> YOUR ASSIGNMENT:
Copy each line in the data that includes the word "with".
━━━ PROVIDED DATA ━━━
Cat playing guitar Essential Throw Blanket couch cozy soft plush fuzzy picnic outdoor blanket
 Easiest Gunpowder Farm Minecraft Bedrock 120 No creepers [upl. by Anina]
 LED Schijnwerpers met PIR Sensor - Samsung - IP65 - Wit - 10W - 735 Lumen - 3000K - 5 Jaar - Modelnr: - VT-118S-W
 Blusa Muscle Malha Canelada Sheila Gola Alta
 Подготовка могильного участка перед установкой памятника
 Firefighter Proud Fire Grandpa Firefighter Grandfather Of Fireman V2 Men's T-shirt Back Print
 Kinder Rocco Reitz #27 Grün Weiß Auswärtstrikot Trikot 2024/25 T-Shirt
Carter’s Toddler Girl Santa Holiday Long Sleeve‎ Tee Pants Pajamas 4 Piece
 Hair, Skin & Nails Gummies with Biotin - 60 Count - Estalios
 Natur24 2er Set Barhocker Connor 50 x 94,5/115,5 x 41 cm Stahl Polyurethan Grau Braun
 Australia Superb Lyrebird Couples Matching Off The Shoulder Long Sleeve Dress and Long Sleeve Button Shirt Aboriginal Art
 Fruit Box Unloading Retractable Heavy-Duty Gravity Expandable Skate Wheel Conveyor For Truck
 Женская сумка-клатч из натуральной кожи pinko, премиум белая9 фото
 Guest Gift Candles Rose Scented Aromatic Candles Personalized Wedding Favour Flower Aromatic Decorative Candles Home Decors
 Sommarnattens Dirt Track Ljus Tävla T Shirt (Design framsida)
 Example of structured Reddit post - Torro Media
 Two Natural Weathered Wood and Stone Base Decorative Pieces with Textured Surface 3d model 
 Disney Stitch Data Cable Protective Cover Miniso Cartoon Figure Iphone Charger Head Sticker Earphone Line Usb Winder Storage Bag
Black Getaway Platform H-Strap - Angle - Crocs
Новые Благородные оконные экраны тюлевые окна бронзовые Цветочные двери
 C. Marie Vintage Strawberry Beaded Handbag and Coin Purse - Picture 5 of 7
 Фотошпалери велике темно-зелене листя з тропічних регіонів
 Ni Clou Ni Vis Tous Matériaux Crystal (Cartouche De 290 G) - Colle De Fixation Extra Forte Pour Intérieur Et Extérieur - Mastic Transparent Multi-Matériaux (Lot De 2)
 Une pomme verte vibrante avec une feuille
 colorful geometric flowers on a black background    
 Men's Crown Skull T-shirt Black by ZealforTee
━━━
> PROBLEM SOLUTION:
 Hair, Skin & Nails Gummies with Biotin - 60 Count - Estalios
 Two Natural Weathered Wood and Stone Base Decorative Pieces with Textured Surface 3d model 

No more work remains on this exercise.